"It is better to have loved and lost, than never to have loved at all".... that's a famous quote I've heard... but I'm not so sure if I believe in it. I'm in love... truly, you couldn't convince me that I'm not. And I know that if I lost this love, I'd die (maybe not literally, but emotionally for a while.. yes) I have to say... to love is a great thing. It's the only for-sure good thing I have to look forward to.

I think that love is not caring what someone thinks about your "significant other" If no one else on the face of the planet even liked my boyfriend a little bit... (for some odd reason) I would still love him. Because loving someone isn't between me and him and everyone else, it's between me and him.

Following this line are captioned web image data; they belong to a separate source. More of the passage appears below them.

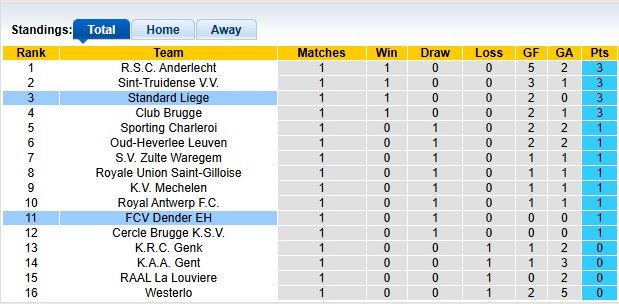 Nhận định, soi kèo Standard Liege vs Dender, 23h15 ngày 2/8: Đôi ngả chia ly - Ảnh 4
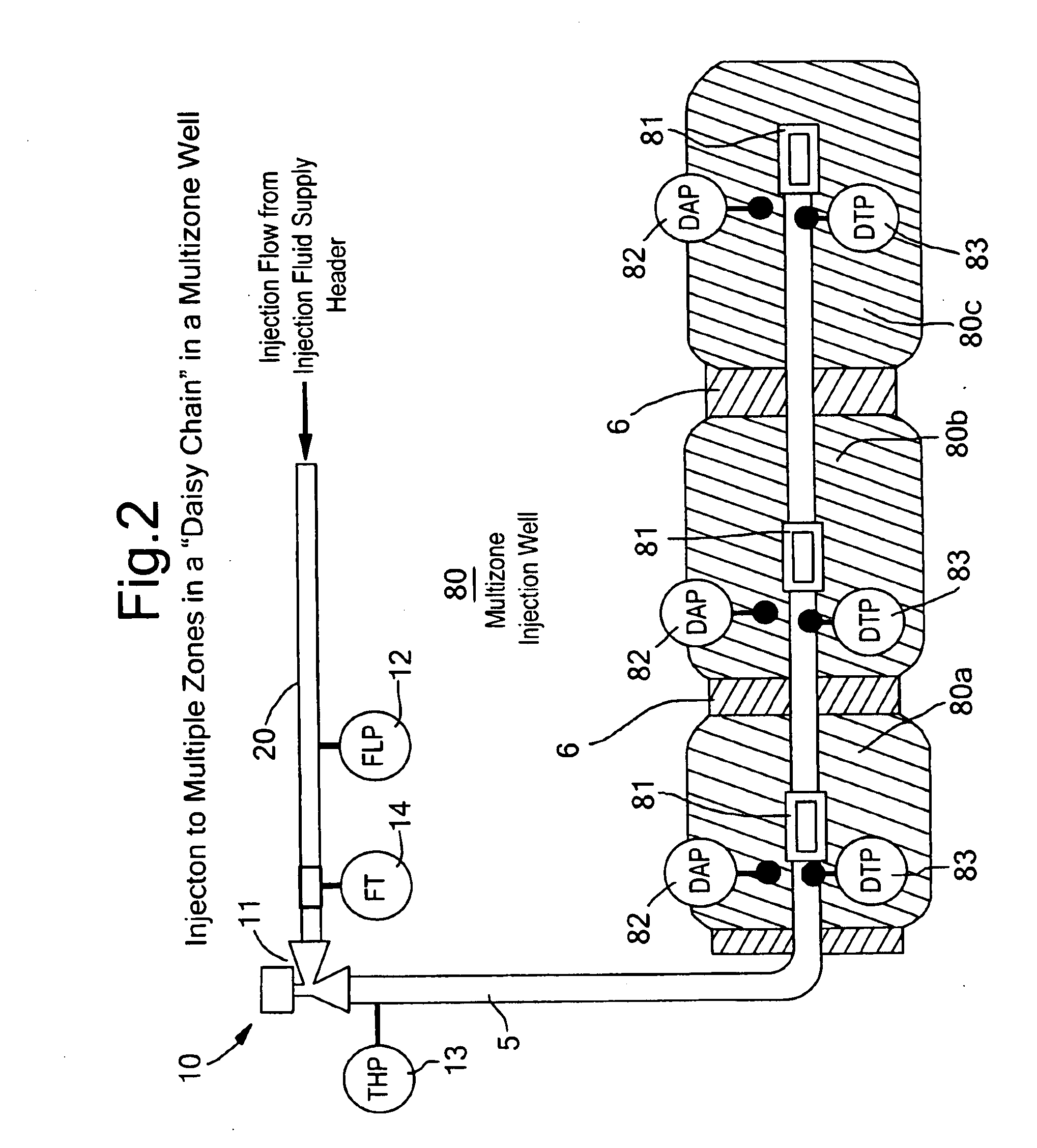 Method for virtual metering of injection wells and allocation and control of multi-zonal injection wells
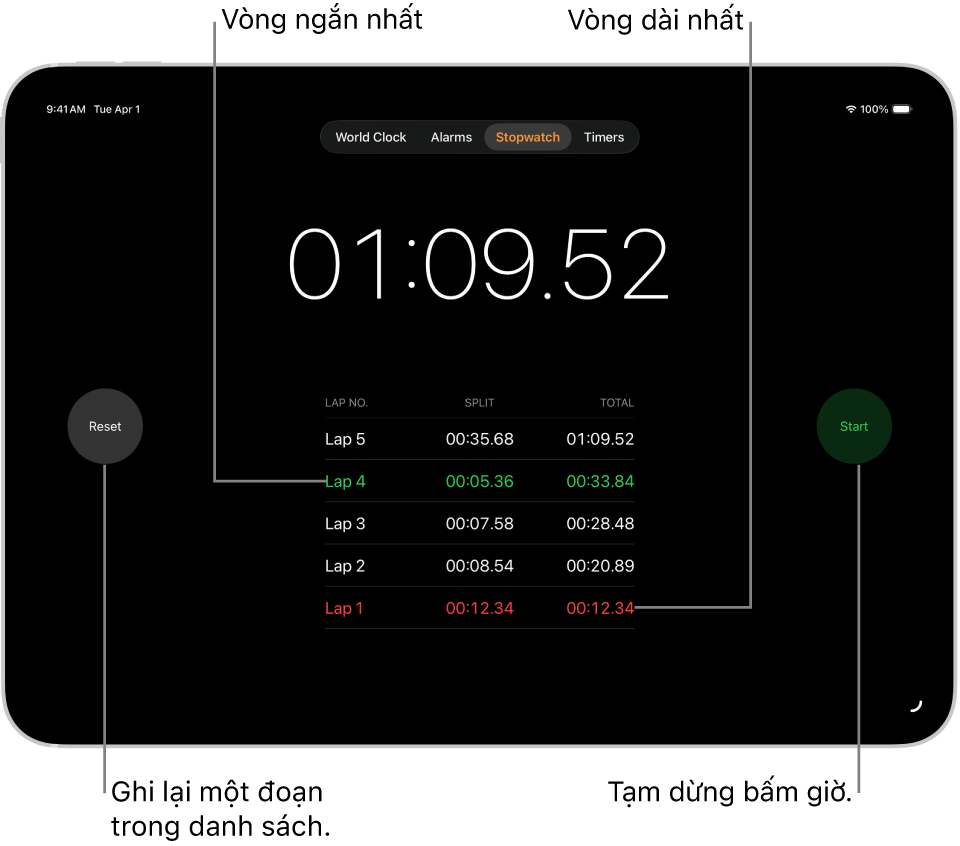 Một đồng hồ bấm giờ trong ứng dụng Đồng hồ hiển thị tổng thời gian trôi qua trong một sự kiện và bên dưới là một số vòng được liệt kê trong sự kiện đó.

I've "lost" my love. Not emotionally, but physically. He moved to California. People say I'm crazy for staying with him, that I'm stupid, that he'll cheat on me (which he WON'T) I don't care. I love him with all my heart. Yes, it will be hard. But I'm willing to try to make it work. To not go for other guys, to trust him not to cheat on me- he promised he wouldn't with the promise ring he gave me. I don't think I'm throwing anything away in staying with him. I think that for one thing, I'm keeping our friendship going. We're best friends.. I'm probably his only good friend that he trusts with anything and everything. If we split up, things would be so hard.. I don't have many good friends I trust that much, not even any to hang out with regularly, he is the one I trust with my secrets, my love, why not my heart?